Hi all - I am very new to spaCy and Prodigy. A former colleague of mine set up a model using Prodigy that apparently uses spaCy v2. I would like to further train the model, but need to update to spaCy v3.
I've read the migration instructions here: https://spacy.io/usage/v3/. I don't think any code changes need to be made.
My issue: I'm not sure how to run prodigy train to update the model to spaCy v3. I see the train docs here: https://prodi.gy/docs/recipes#train
I'm not sure what dataset I'm supposed to use. Here is the file structure for my model:
Hi! If you still have the original data, this should hopefully be very straightforward, especially if the original annotations were created with Prodigy as well In that case, you can import the existing annotations into Prodigy using db-in, and then run prodigy train to train an updated model: https://prodi.gy/docs/recipes#train
As you collect more annotations, you can then keep running prodigy train with all of the data (your previous dataset and your new dataset) to train better and better versions.

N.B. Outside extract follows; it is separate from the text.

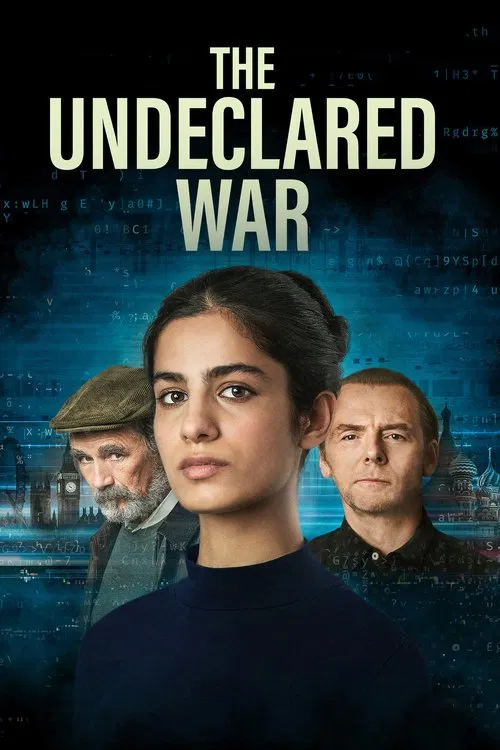 The Undeclared War poster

Aw, damn, if the engineer lost the original training data, that's definitely very unfortunate A model without the data will be immediately stale, and it'll make it difficult to improve it further, try out new ideas etc. Even when you improve a model with more data, you typically want to retrain on all the annotations for the best results.
If the data was annotated with Prodigy, it might still be in the database? Maybe ask the engineer to run prodigy stats -l to view all datasets and see if the data is in there. They can then export it using prodigy db-out.
If you still have the original raw data, one way to recover at least some of the annotations could be to run your model over the raw data and save its predictions. This may not be as accurate as the original training data, but you can always correct it later usind Prodigy and it'll be faster than doing everything from scratch.